Enormous Egg RollsFilling Ingredients:
2 lb. ground beef
1 head of bok choy or small head of cabbage sliced thinly
1 medium carrot, sliced with a vegetable peeler
1 medium onion, chopped
1 teaspoon fresh grated ginger
1/4 cup fresh cilantro, chopped finely
2 cloves garlic, grated
Egg Roll Wrappers
Cooking oil for frying
1 egg, beaten
1/4 cup Yellow mustard
1 tablespoon horseradish
- Preheat skillet. Drizzle with olive oil. Brown ground beef. Add onion, cabbage, garlic, and carrot. Cook uncovered until vegetables are tender and most of the liquid has evaporated.
- Add cilantro and ginger, and cook until cilantro is wilted, this will take just a few minutes. Remove from heat and let cool. Combine ingredients for spicy mustard, set aside.
- Preheat oil for frying, either use a deep fryer, or a skillet with enough oil to submerge egg-rolls to 350 degrees.

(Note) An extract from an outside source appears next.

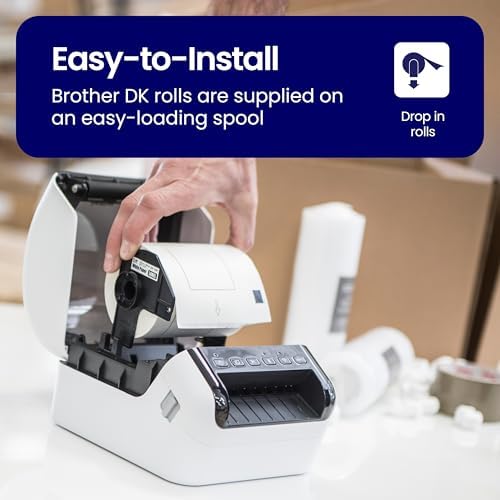 Brother Genuine DK-124712PK Die-Cut Large Shipping Labels, 4.07 in x 6.4 in (103 mm x 164 mm), White Paper Labels, 180 per Roll, 12 Rolls per Box, for use with Select Brother QL Label Printers - Image 5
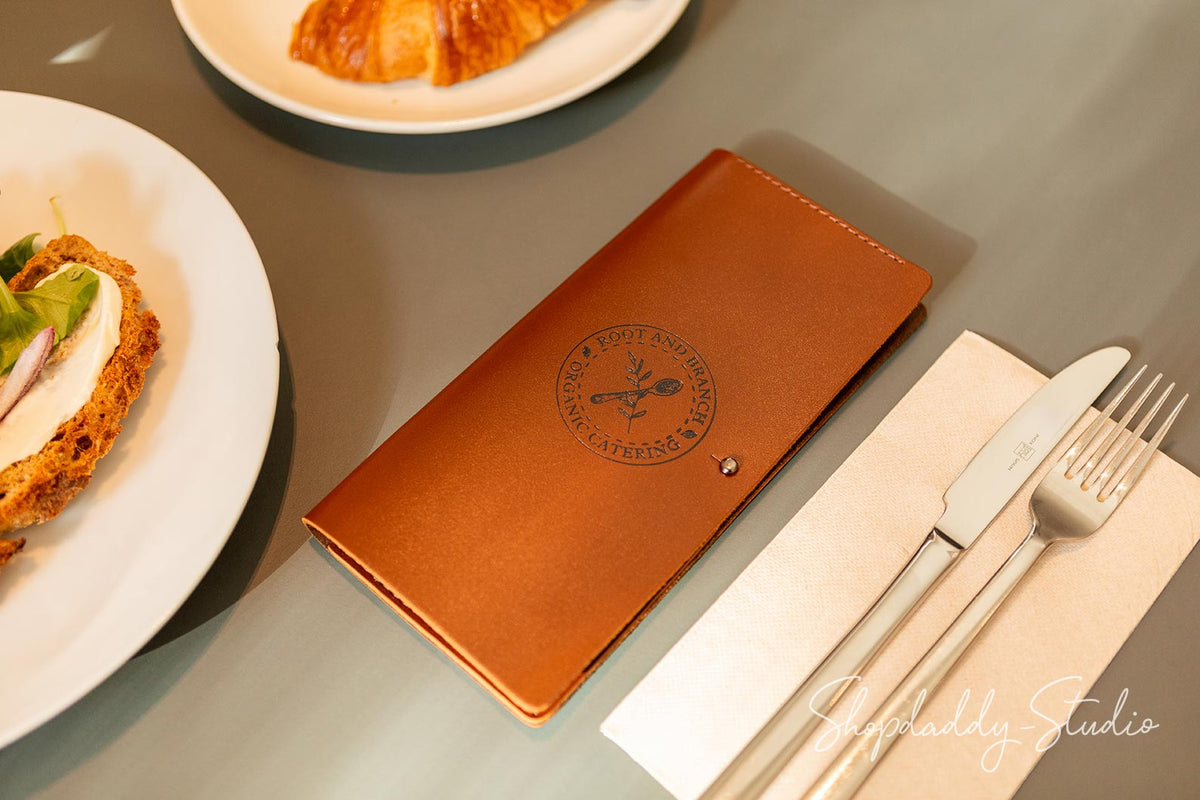 Brown Italian Leather Server Check Holder With Button Stud For Cafe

- Flour your work surface. Take an egg-roll wrapper and flour each side and shake off the excess. Put about 2 heaping tablespoons of the filling in the wrapper and fold like a burrito. Place the egg-roll wrapper so that it is in a diamond shape facing you, not a square shape, and start to roll, tucking in the edges. You may need to adjust the amount of filling till you get the hang of rolling the egg-rolls.
- Seal the edges closed with the beaten egg. You will have more than enough filling for the wrappers. You can use the leftovers and mix with rice for tasty leftovers. Submerge each egg-roll in the hot oil. Turn once and cook until golden brown.
- Drain on paper towels. Serve with spicy mustard.
Hope you guys love this recipe as this is one of my favorites.